### ABOUT THIS TASK
In the material below, find the line containing "Mirjan24 Ecksofa Bangkok, Eckcouch" and the line containing "Vector bee icons with text". Output those two lines and all lines between them exactly, without pictures.

### RECORD EXTRACTS
↓↓↓

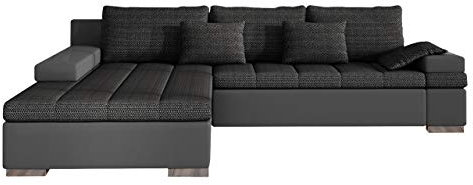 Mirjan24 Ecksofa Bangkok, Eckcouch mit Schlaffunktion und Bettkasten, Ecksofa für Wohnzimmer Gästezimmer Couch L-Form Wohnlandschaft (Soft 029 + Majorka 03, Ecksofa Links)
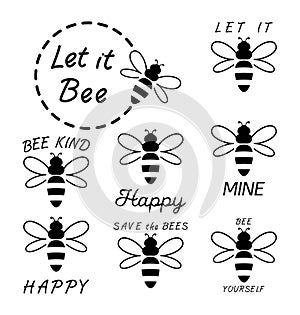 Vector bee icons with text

↑↑↑
↓↓↓

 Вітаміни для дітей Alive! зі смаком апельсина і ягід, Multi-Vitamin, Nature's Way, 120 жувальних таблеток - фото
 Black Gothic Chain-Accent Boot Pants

↑↑↑

### SOLUTION FOR THIS PROBLEM
 Mirjan24 Ecksofa Bangkok, Eckcouch mit Schlaffunktion und Bettkasten, Ecksofa für Wohnzimmer Gästezimmer Couch L-Form Wohnlandschaft (Soft 029 + Majorka 03, Ecksofa Links)
 Vector bee icons with text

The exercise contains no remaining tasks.